The herbicides used are not common “weed killers” but are plant specific, selective chemicals. The objective is to change the vegetation of the right-of way areas from aggressive plants, like pine and wax leave plants, and promote the growth of grass and other low-growing plants.
Ground nesting birds and animals such as rabbits, squirrels, and deer are not harmed by the herbicides. In fact, many protection organizations for animals have studied the effects of long term spraying (versus mowing and cutting) and strongly promote these practices. Quails Unlimited has highlighted Jones-Onslow’s IVM Program in past publications and the NC Department of Transportation, NC Vegetation Management Association, and Dow AgroSciences have all visited JOEMC because of its practices. Right-of-way maintenance is performed on a regular three-year rotating cycle and performed throughout the year. The spraying portion of the IVM Program, which will be conducted this year from the southwest area of Onslow
County towards Holly Ridge and Sneads Ferry, is seasonal. Because of this spraying, aggressive plants don’t return as they would with mowing or cutting alone.

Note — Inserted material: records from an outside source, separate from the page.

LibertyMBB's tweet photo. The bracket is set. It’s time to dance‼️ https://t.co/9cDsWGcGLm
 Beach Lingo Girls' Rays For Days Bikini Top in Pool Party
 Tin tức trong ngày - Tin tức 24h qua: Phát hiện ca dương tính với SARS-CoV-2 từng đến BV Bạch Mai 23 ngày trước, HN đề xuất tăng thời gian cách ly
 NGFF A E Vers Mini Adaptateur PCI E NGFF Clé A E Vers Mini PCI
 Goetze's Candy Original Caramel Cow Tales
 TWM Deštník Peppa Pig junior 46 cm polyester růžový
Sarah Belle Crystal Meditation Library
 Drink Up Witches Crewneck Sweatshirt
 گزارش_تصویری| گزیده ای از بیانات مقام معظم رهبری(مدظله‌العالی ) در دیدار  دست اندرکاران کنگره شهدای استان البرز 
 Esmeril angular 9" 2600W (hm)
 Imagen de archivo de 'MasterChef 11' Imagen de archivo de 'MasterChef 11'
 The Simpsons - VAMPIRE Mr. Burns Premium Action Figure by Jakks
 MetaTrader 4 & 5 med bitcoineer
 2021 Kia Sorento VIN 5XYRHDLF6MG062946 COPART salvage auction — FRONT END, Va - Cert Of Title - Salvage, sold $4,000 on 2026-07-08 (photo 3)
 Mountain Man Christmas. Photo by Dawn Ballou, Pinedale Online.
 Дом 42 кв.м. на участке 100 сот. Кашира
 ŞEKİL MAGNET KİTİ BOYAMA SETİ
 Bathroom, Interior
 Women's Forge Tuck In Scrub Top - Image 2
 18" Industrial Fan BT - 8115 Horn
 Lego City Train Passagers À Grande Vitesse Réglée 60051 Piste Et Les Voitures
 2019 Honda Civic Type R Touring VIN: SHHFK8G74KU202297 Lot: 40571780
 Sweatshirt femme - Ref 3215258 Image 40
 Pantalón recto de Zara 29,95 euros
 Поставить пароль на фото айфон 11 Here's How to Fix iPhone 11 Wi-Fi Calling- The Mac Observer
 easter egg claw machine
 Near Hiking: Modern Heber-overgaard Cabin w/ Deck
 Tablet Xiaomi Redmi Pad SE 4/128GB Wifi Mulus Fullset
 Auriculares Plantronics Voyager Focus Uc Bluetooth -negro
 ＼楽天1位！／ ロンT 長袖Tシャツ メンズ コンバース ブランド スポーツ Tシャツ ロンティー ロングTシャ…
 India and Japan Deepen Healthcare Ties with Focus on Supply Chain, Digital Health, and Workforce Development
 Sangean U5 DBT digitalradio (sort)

What about the “brown” or “dead-looking” plants you see along the right-of-way? They are a temporary result of the selective spraying process. Although not pretty to look at, they are temporary — the removal of these undesirable plants will result in a more visually pleasing right-of-way in future years. It also allows JOEMC to continue to provide the most safe, reliable, and affordable electricity possible.